* [Exercise brief] Please set down each of the lines below once more, exactly, omitting all pictures.

* [The data]
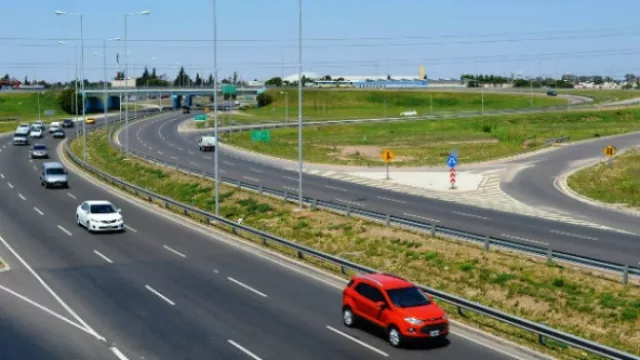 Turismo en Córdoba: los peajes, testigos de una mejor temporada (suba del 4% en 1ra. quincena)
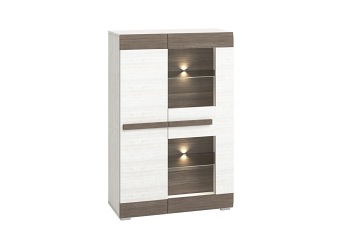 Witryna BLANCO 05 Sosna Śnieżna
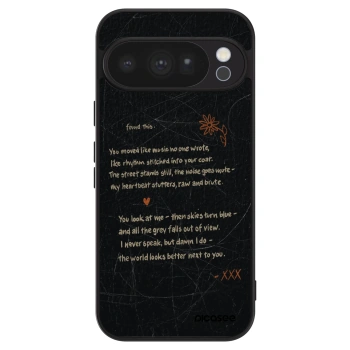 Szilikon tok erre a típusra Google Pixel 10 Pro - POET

* [Answer to this exercise]
 Turismo en Córdoba: los peajes, testigos de una mejor temporada (suba del 4% en 1ra. quincena)
 Witryna BLANCO 05 Sosna Śnieżna
 Szilikon tok erre a típusra Google Pixel 10 Pro - POET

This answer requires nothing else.